# Find the area between the curve f(x) = 1/(x+2) and the lines x=0  and x= 1.

hala718 | Certified Educator

f(x) = 1/(x+2)

The area under the curve is the integral of f(x)

F(x) = intg f(x) = intg (1/(x+2)

= ln (x+2)

Then the area between the lines x= 0 and x = 1 is:

Area = F(1) - F(0)

= ln (3) - ln (1)

= ln 3 - 0= lon3

Then the area = ln 3

giorgiana1976 | Student

For the beginning, the area which has to be found is located between the given curve f(x), the lines x = 0 and x = 1, also the x axis.

To calculate the area, we'll use the formula:

S = Integral (f(x) - ox)dx = Int f(x)dx = Int dx/(x+2)

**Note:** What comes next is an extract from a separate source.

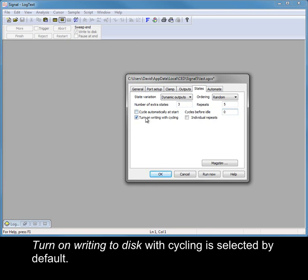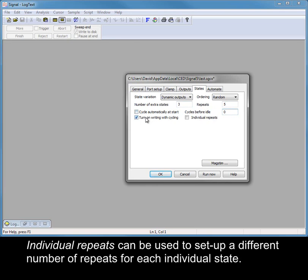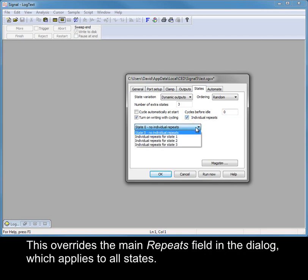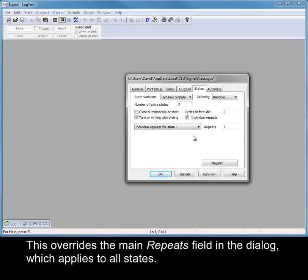Turn on writing to disk with cycling is selected by default. Individual repeats can be used to set up a different number of repeats for each individual state. This overrides the main repeats field in the dialog, which applies to all states.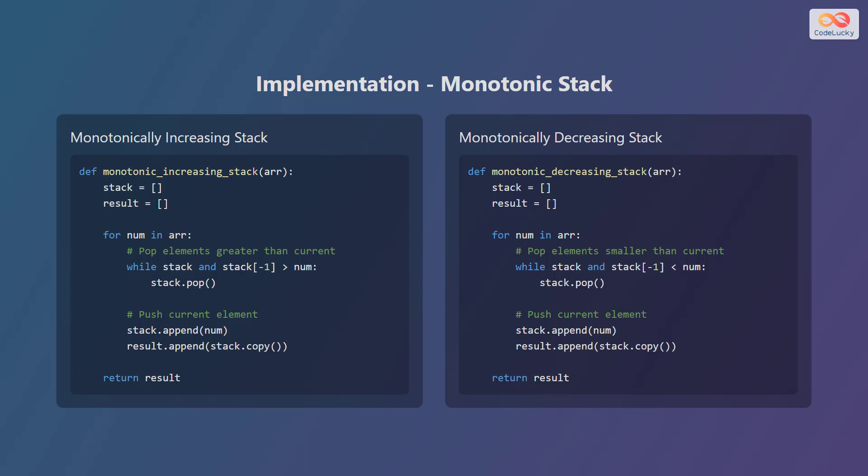Now let's look at the Python code for both a monotonically increasing stack and a monotonically decreasing stack. The monotonic increasing stack function takes an array as input and returns a list of stacks showing the state of the stack after each element is processed. For each number in the input array, it pops elements from the stack that are greater than the current number to maintain the increasing order. Then, it appends the current number to the stack and adds a copy of the stack to the result list. The monotonic decreasing stack function follows a similar approach but pops elements that are smaller than the current number to maintain a decreasing order. These functions provide a clear and concise way to implement monotonic stacks in Python.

We'll calculate the integral, using substitution technique.

We'll note x+2 = t.

We'll differentiate x+2.

(x+2)' = t'

dx = dt

Int dt/t = ln t = ln (x+2) + C

Now, we'll calculate the value of the area, using Leibnitz Newton formula::

S = F(1) - F(0), where

F(1) = ln (1+2) = ln 3

F(0) = ln (0+2) = ln 2

S = ln 3 - ln 2

We'll use the quotient property of logarithms:

S = ln (3/2)

neela | Student

The area A  enclosed by the curve f(x) and x axis between  x= a and x= b is given by:

A = Int f(x) dx from x = a to x = b'

Given functio is f(x) = 1/(1+x).

A = In (1/(1+x))dx  from x = 0 to x = 1.

Int (1/(1+x)) dx = ln (1+x).

A =  { ln(1+x) at x =1} - {ln(1+x) at x= 0}

A = ln(1+1) - ln (1+0)

A = ln2 - ln1

A = ln2 - 0

A = ln2.